She had just spent an excruciating 25 minutes walking, grimacing with each step, from her recliner in her Brooklyn home to her front door and back, leaning on her walker. Marie Dorvilne, her home care worker since 2017, walked behind Yanick and circled her arms around her torso. She used her knee to help Yanick bend her own.

Besides rheumatoid arthritis in her knees and shoulders, Yanick struggles with gout, diabetes, coronary artery disease, memory issues, headaches, and incontinence. She is a breast cancer survivor.

Source: PHI’s Workforce Data Center

When they made it back inside, Marie eased Yanick down to the recliner. “I don’t turn my back until I know she is on the chair – sitting, not standing,” says Marie, a certified nursing assistant with 18 years of experience in the profession. “I don’t trust her to stand for one minute.” She elevated Yanick’s feet in a recliner and rubbed Yanick’s knees with swift, gentle strokes, her light blue nails making a circular blur. “You’ll be all right, you’ll be OK,” she says. In a few minutes, Yanick’s knees stopped trembling.
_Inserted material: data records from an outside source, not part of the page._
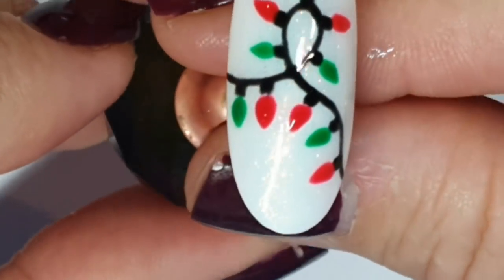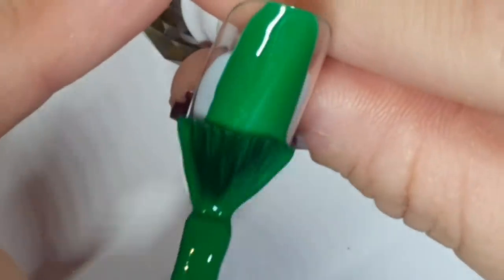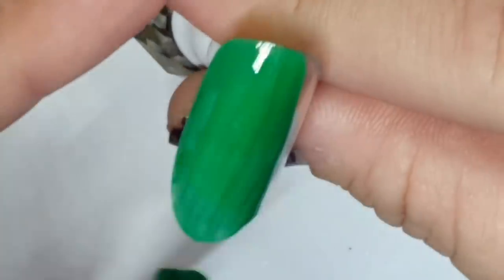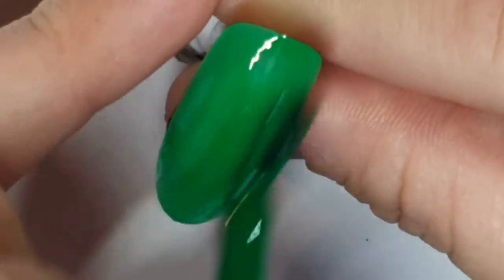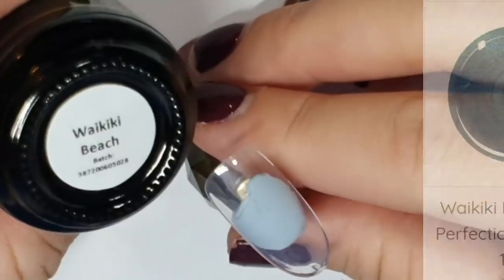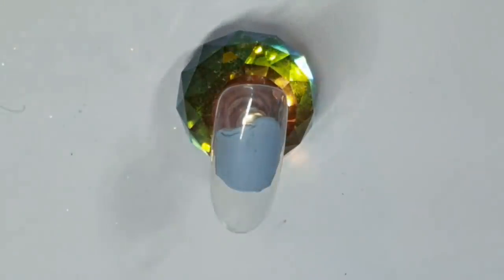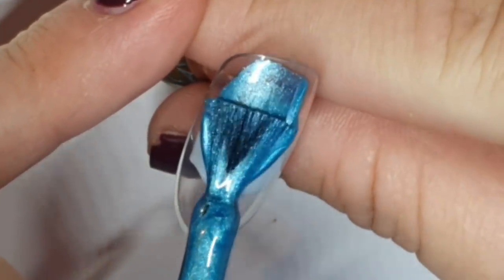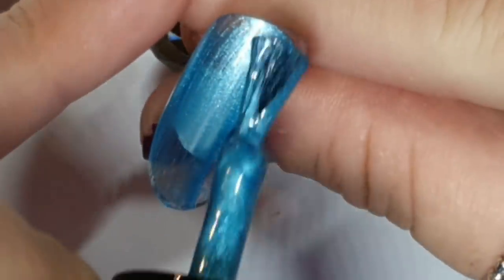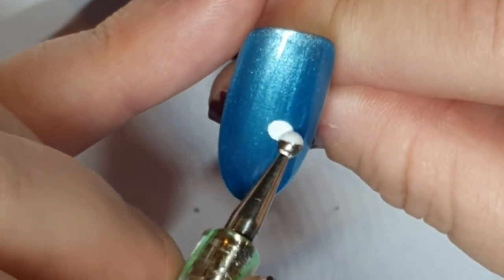I've cured that and I'm topping with Diamond Gloss — you can see the nice shimmery background. Now I am taking Christmas Grinch again and I'm going to do a full nail of that, two coats. Then we're taking Waikiki Beach — not just for summer — and doing this on here. This is a gorgeous color and I love blues, especially shimmery blues, because they're great in the summer but then they have a kind of second wind come Christmas.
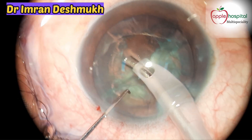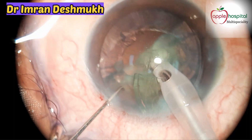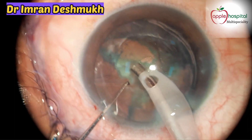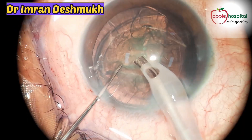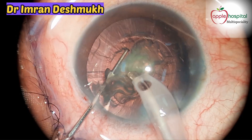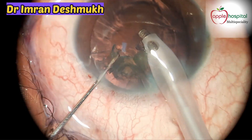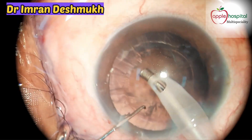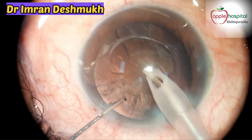As the nucleus is very soft, even a little vacuum can bring those pieces out of the bag, and it's very easy to emulsify these nuclear fragments. Use your left hand for all the maneuvering and keep the phaco probe in the center — stable. The last part needs to be emulsified at ultrasound 4 mode, which has very low vacuum.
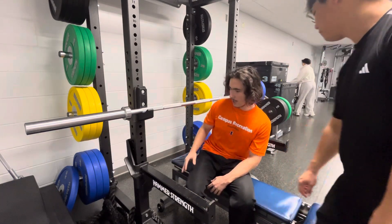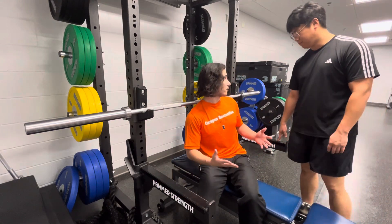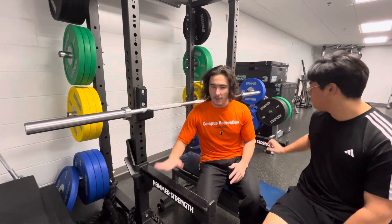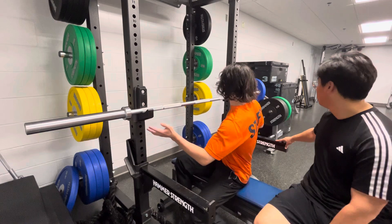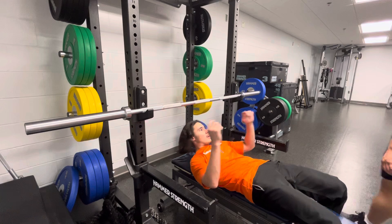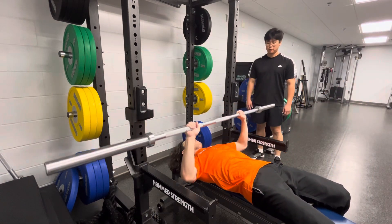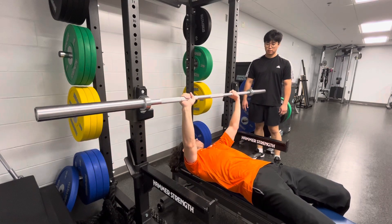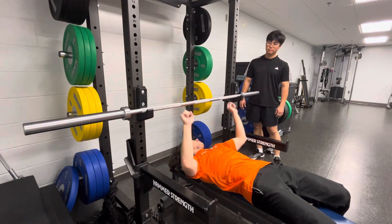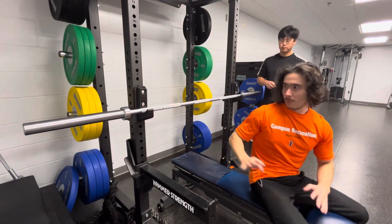What we have here are the safety racks, just to make sure everything is safe — because if you're benching by yourself it can be dangerous. We want to set the bar at a height low enough so that when you finish, you can rack it back. If it's too high, you won't be able to put it back.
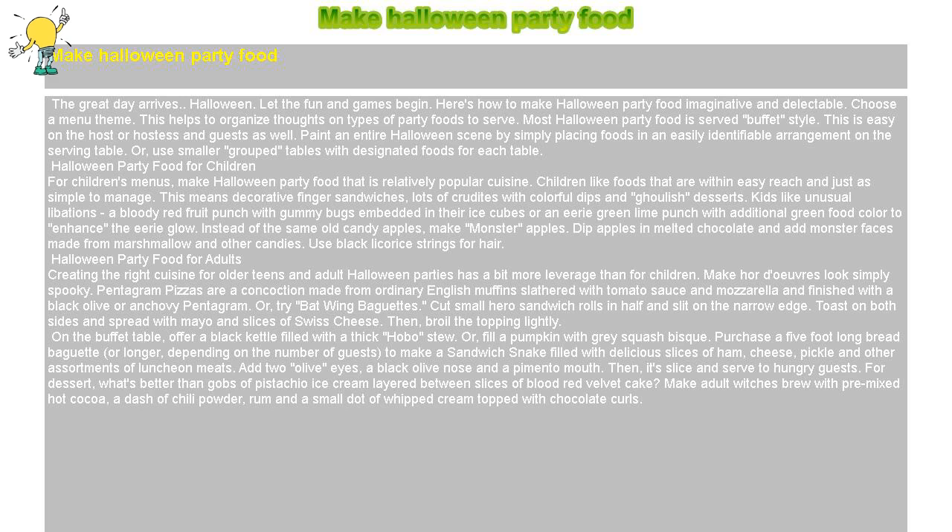Choose a menu theme. This helps to organize thoughts on types of party foods to serve. Most Halloween party food is served buffet style. This is easy on the host or hostess and guests as well. Paint an entire Halloween scene by simply placing foods in an easily identifiable arrangement on the serving table, or use smaller group tables with designated foods for each table.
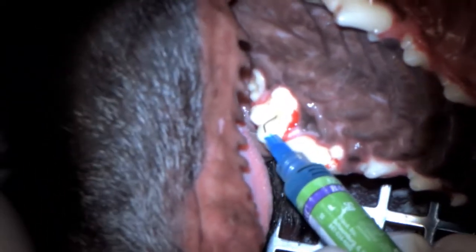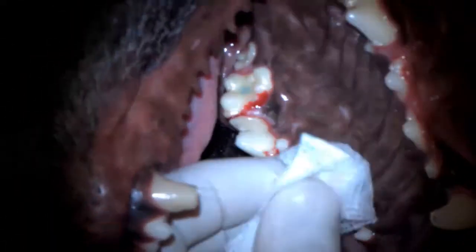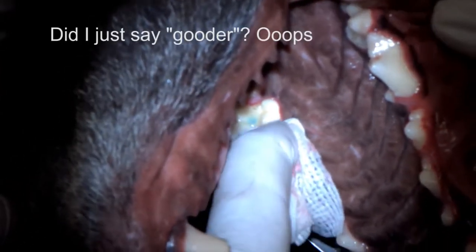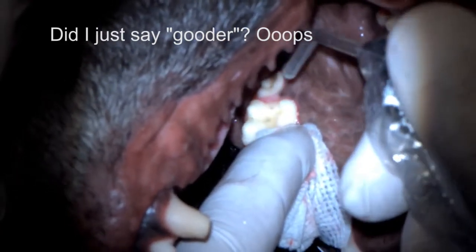37% phosphoric acid gel — to demineralize the dentin and the enamel, open up the dentin tubules, and let our bonding agent get a better grip. It should sit there for about 10 to 15 seconds, then a thorough rinse.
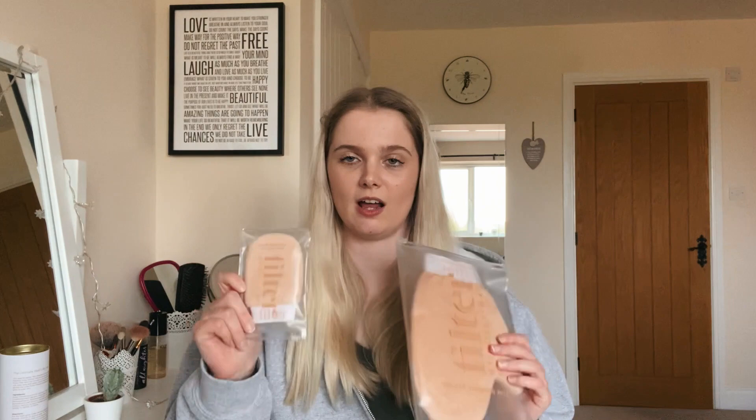There are loads of fake tan brands out there but I've really wanted to try Filter by Molly Mae for a really long time. My sister was actually kind enough to give me this for Christmas and she also gave me the big mitt and the mini mitts, so that was a really generous present.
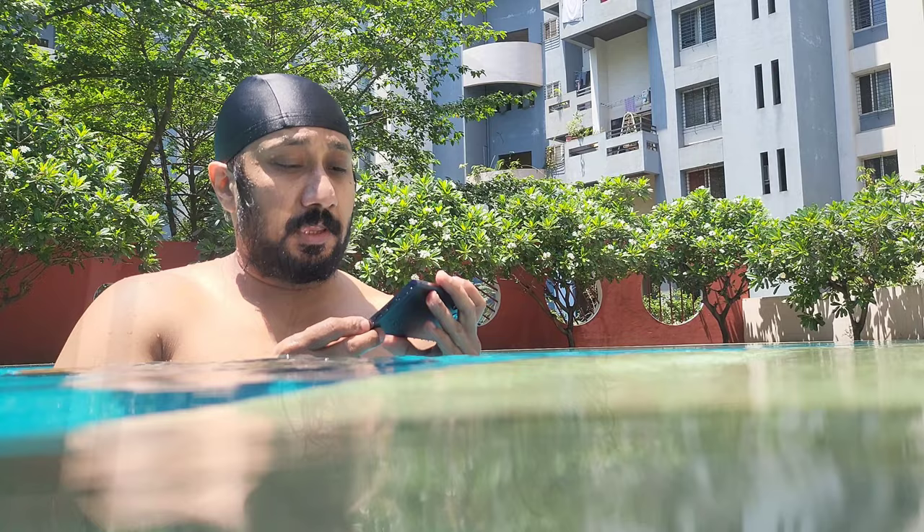Okay, so we're going to do the steam room test now. We're going to keep the phone in the steam room for 10 minutes and then see if it survives. It is 11:50 right now, so by 12 we should be done.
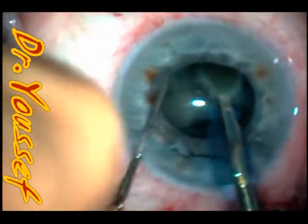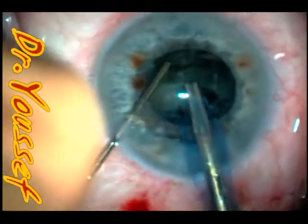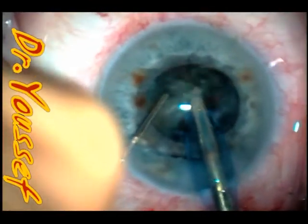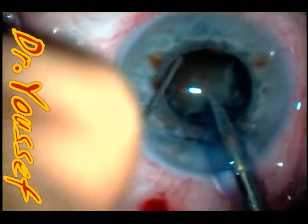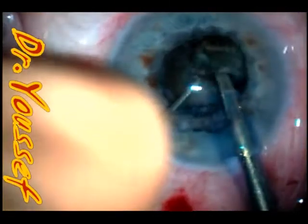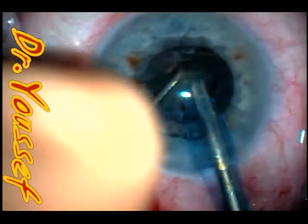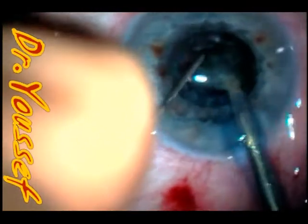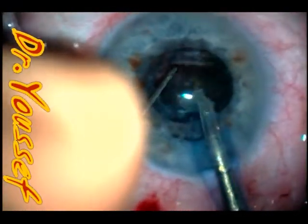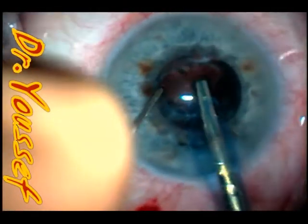You can see I'm doing very slow phaco, just making sure that there's no stress on the zonules during the procedure, and staying away from the pupil. I use a lot of chopping rather than phaco — my phaco powers are very low and mostly it's mechanical breakdown, and the phaco just removes the pieces out of the eye.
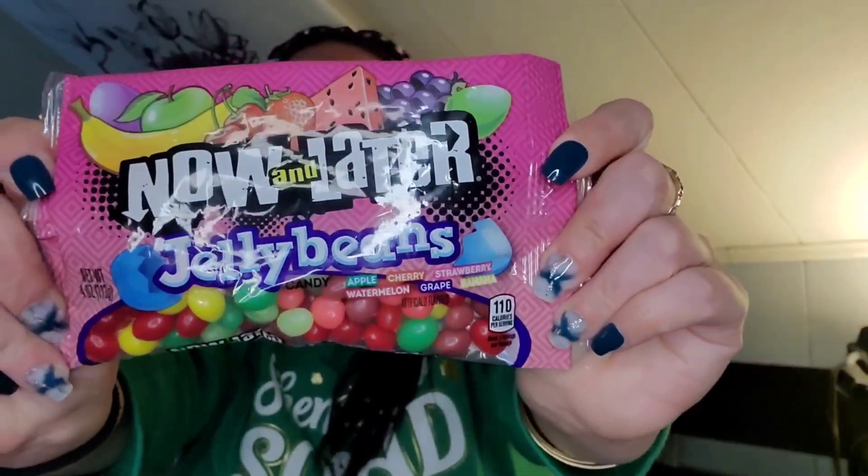I also picked up a bag of Now and Later jelly beans — four ounces in the flavors apple, cherry, strawberry, watermelon, grape, and banana. The banana can go, but the rest are great.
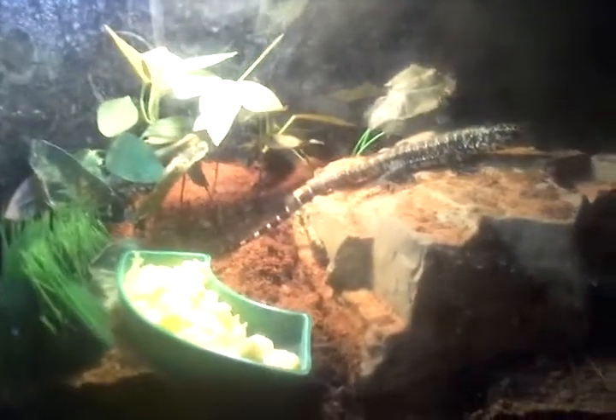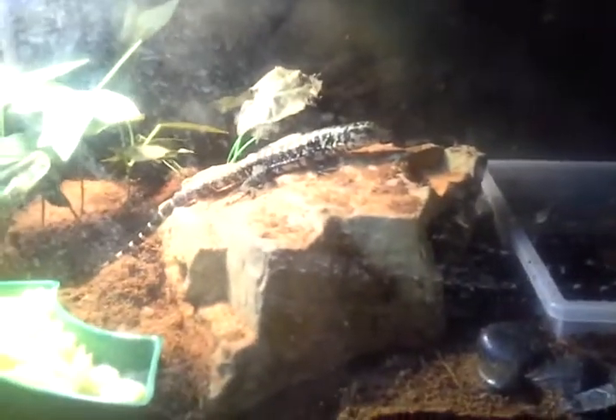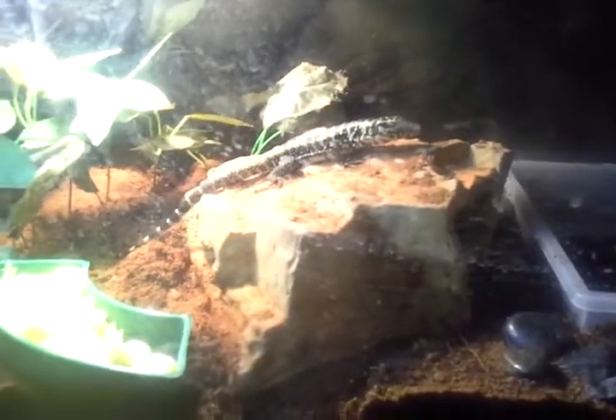I'm making this video because it's my first tegu and I'm not really sure how he's supposed to be eating or how much he's supposed to be eating. Normally I feed him in his box, but I've noticed he hasn't been eating a whole lot — he'll just normally take a few bites and then be done. I don't know if that's him being full or if maybe he's just still a juvenile and doesn't have his appetite yet. But let me know what you think.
Between 8 a.m. and 2 p.m., Marie is Yanick’s bather, dresser, cook, companion, cheerleader and health care manager. She monitors Yanick’s blood pressure, gives her medications three times a day, times her meals to keep her diabetes in check, schedules and takes her to medical appointments, and alerts doctors and Yanick’s daughter to changes in her health. That’s after an eight-hour night shift, taking care of 12 patients at a nursing home. She has one Saturday off every other week.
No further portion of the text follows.